Contribution to the economic development of the host state: In the performance of a contract, for example, the know-how brought by the foreign investor in the execution of an infrastructure project, supplying of the necessary tools and equipment for construction and the employment of qualified personnel, taking into account all aspects such as the economic value of the project and the amount of credit used for its execution, taking into account all issues such as the contractual relationship (investment), the monetary, in-kind and industrial contribution it brings to the host state, are taken into consideration. In this sense, it is especially important that the construction of the infrastructure or superstructure, the property of which will remain to the state, will serve the public benefit.
However, there are also decisions stating that the first three conditions automatically fulfill the last condition (Bayındır v. Pakistan, ICSID Case No. ARB/03/29). Another condition that is sought is: that the investment must be made in good faith and comply with the laws of the host state (Phoenix Action Ltd. v. Czech Republic, ICSID Case No. ARB/06/5).

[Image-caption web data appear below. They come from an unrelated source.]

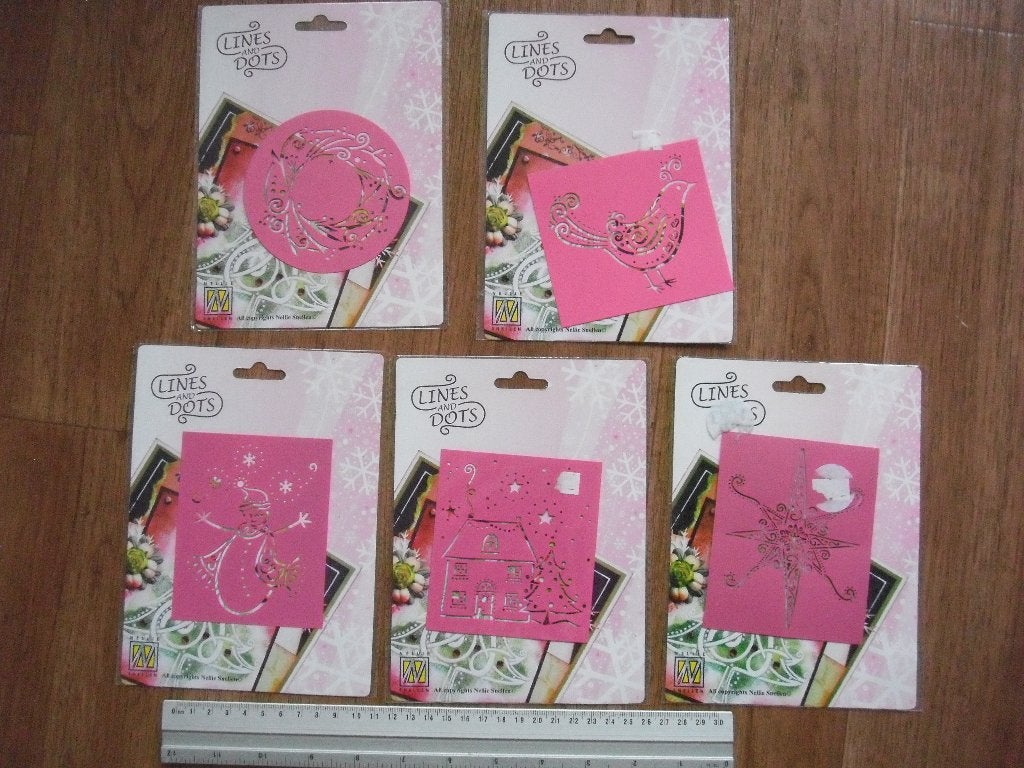 set van 5 Lines and Dots mallen metaal, Hobby en Vrije tijd, Kaarten | Zelf maken, Ophalen of Verzenden, Zo goed als nieuw, Overige thema's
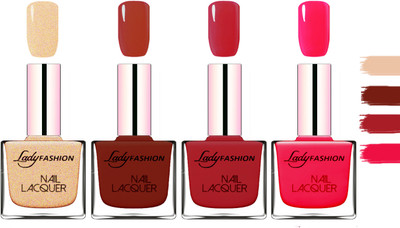 

Lady Fashion Extra Shine Extra Long Stay Chip Resistant Nail Polish Beach Nude,Coffe,Dark Red,Sweet Red(Pack of 4)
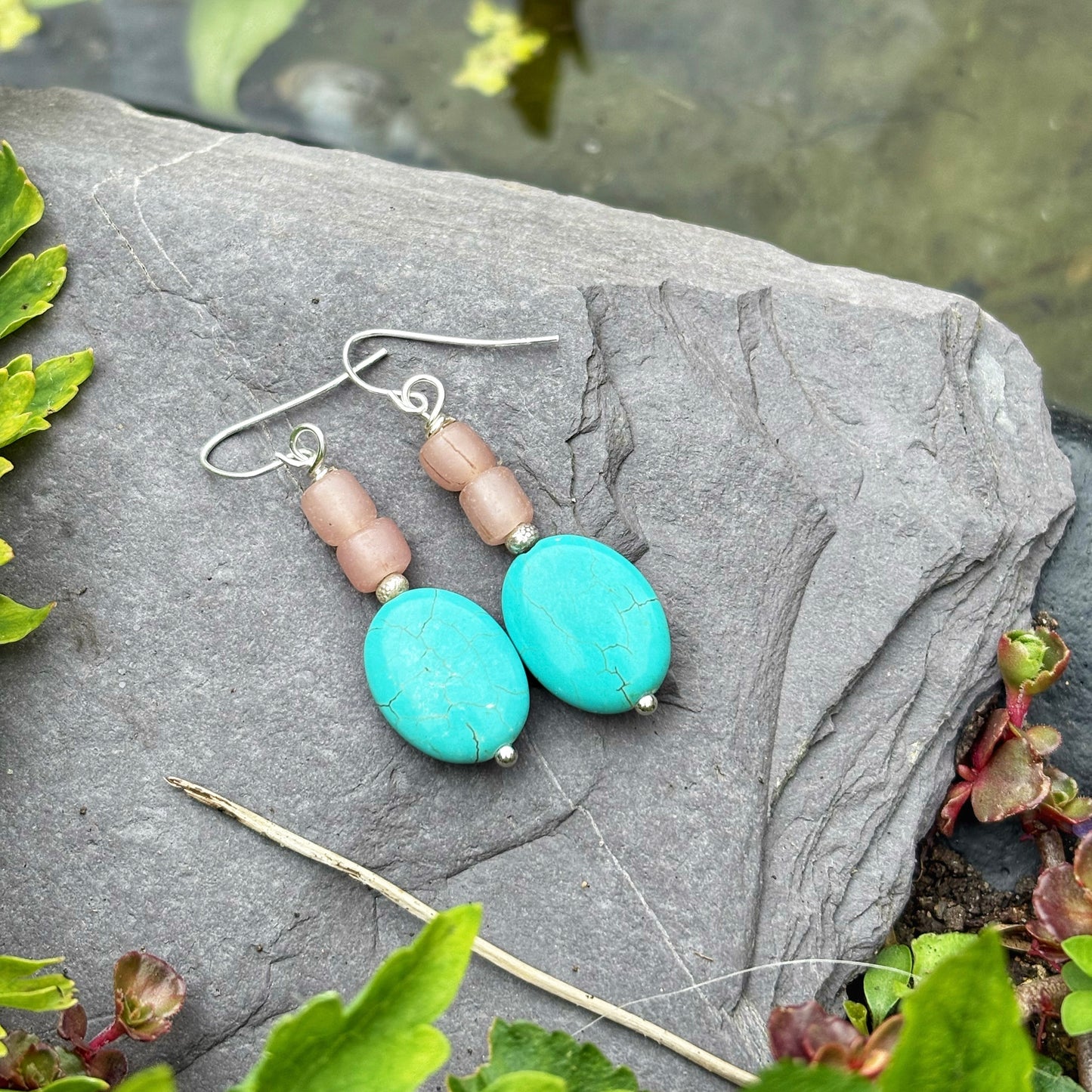 Recycled Glass Oval Earrings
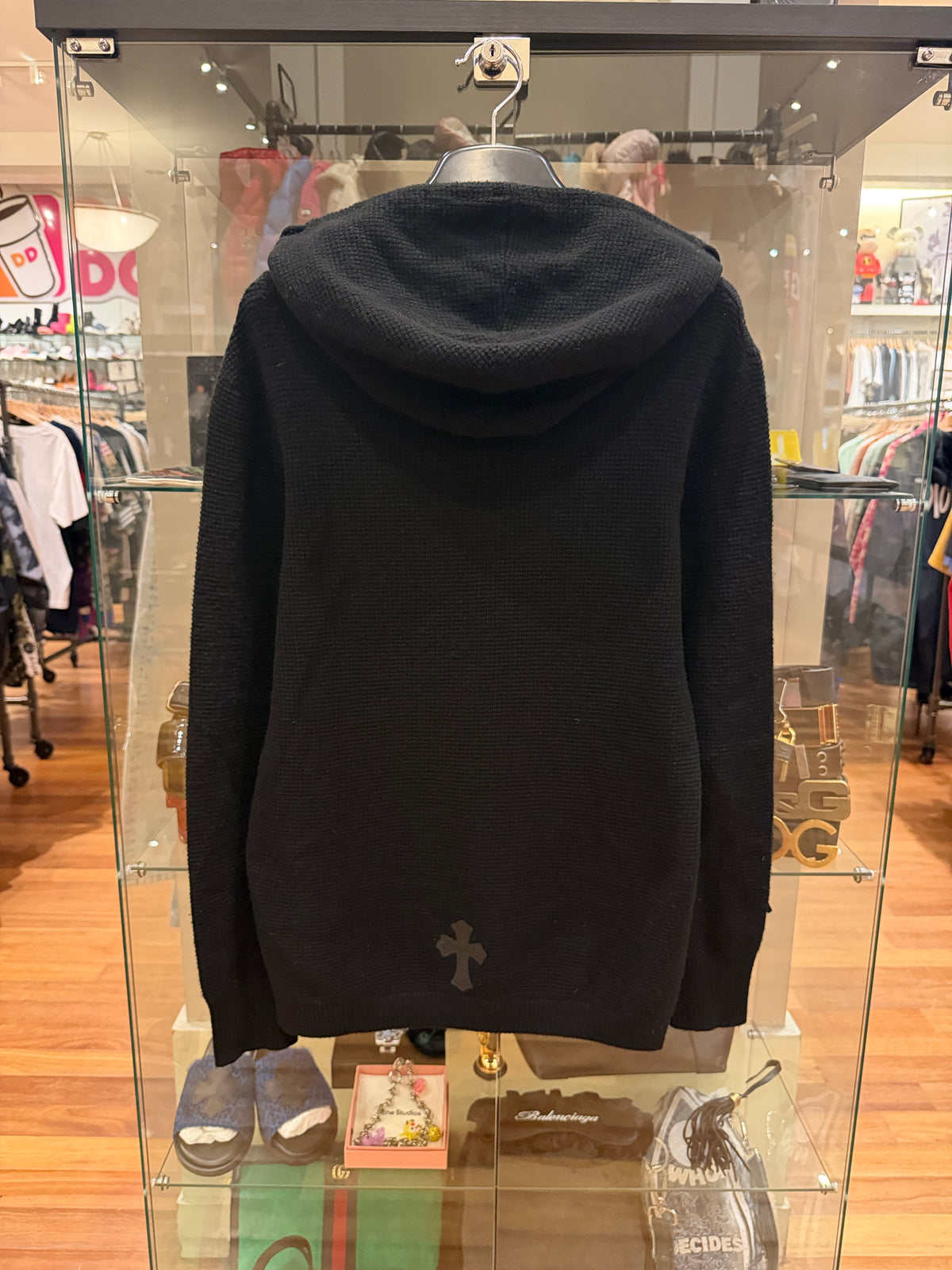 Chrome Hearts Cashmere Triple Cross Patch Waffle Hoodie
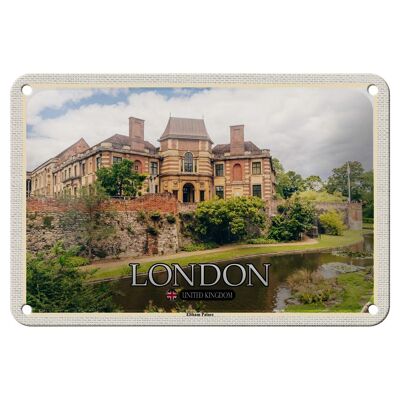 Cartel de chapa con decoración de ciudades, Londres, Reino Unido, Eltham Palace River, 18x12cm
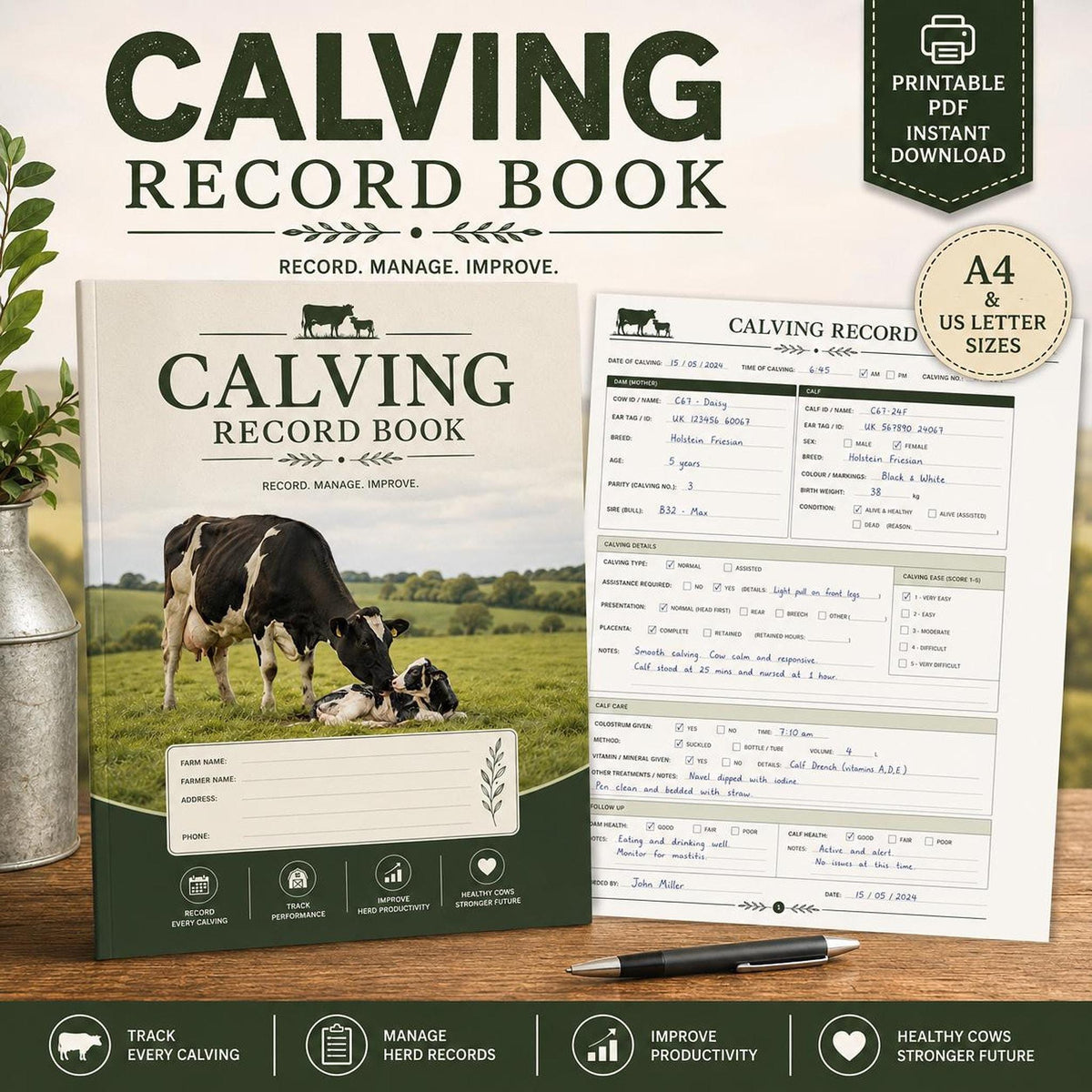 Calving Record Printable PDF, A4 & US Letter Cow Book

It should be noted at once that the 4 criteria required in the Salini test need to be examined independently in determining whether a dispute arises from an investment or not, but the result must be considered as a whole. For example, the fulfillment of the risk element may vary depending on the duration of the investment and its contribution to the economic development of the host state. However, when deciding whether the economic contribution in the case poses a risk to the investor, each criterion must be considered on its own.
However, in certain ICSID decisions, the arbitrators held the view that the method called Salini Test, which seeks the existence of the 4 elements determined in the Salini decision in whether the subject of the dispute is considered an investment, may not always give accurate results, that there is no legal basis for the strict application of the 4 criteria determined in the Salini decision in every dispute, in other words, that these criteria are not mandatory. Since the Convention deliberately did not define the term investment, "no determination should made being bound to an investment definition" (Biwater v. Tanzania, ICSID Case No. ARB/05/22; Toto v. Lebanon, ICSID Case No. ARB/07/12).
Therefore, when we review the ICSID arbitral awards, it would not be wrong to say that the "Salini Test" was applied in general, but this application was flexible and adjusted to the purpose of the case and that more subjective methods were adopted in the interpretation of the investment concept. In this context, in terms of defining a dispute as an investment dispute, an application practice has been developed which the four criteria in the Salini decision are used in a non-restrictive manner but in an attributional manner, which gives more accurate results.
It should also be noted that apart from the criteria mentioned above, the will of the parties is also important in determining whether a dispute arises from an investment or not. The content of the parties' consent to apply to ICSID and their acceptance of the investment-based contractual relationship between them have a strong effect in terms of showing that the dispute is an investment dispute. The fact that the parties have determined the dispute between them as an investment dispute and granted jurisdiction to ICSID plays a role in the evaluation of whether the dispute is an investment dispute. This evaluation is called the "double keyhole" approach.